Content starts

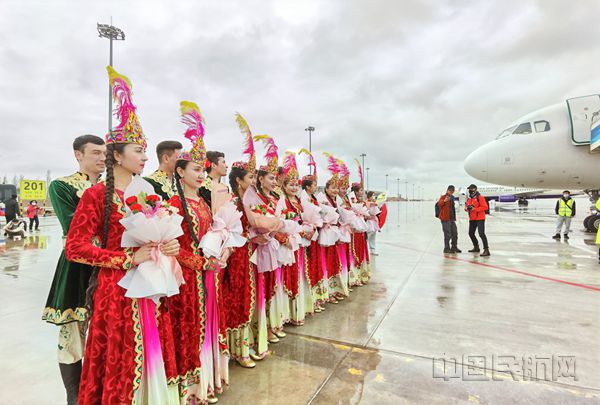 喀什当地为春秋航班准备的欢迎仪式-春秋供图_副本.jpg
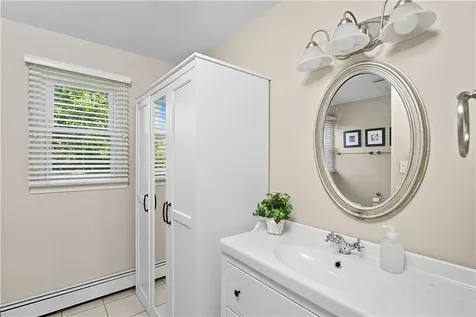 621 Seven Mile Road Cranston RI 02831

Content ends
Content starts

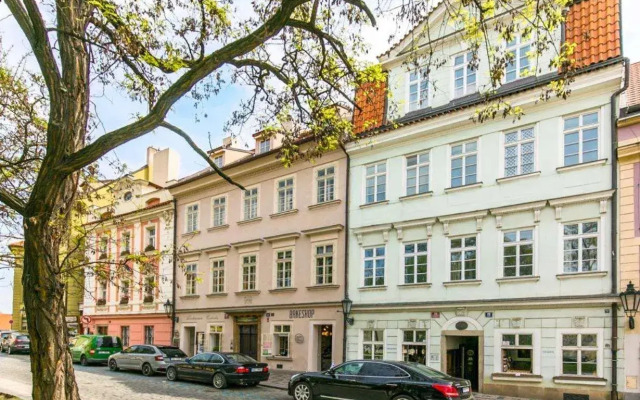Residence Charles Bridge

Content ends

= Directions for this task =
Look above for the line holding "喀什当地为春秋航班准备的欢迎仪式-春秋供图_副本.jpg" and output everything from it down to the line holding "621 Seven Mile Road Cranston RI 02831", both ends included, exactly and without images.

= Reply =
 喀什当地为春秋航班准备的欢迎仪式-春秋供图_副本.jpg
 621 Seven Mile Road Cranston RI 02831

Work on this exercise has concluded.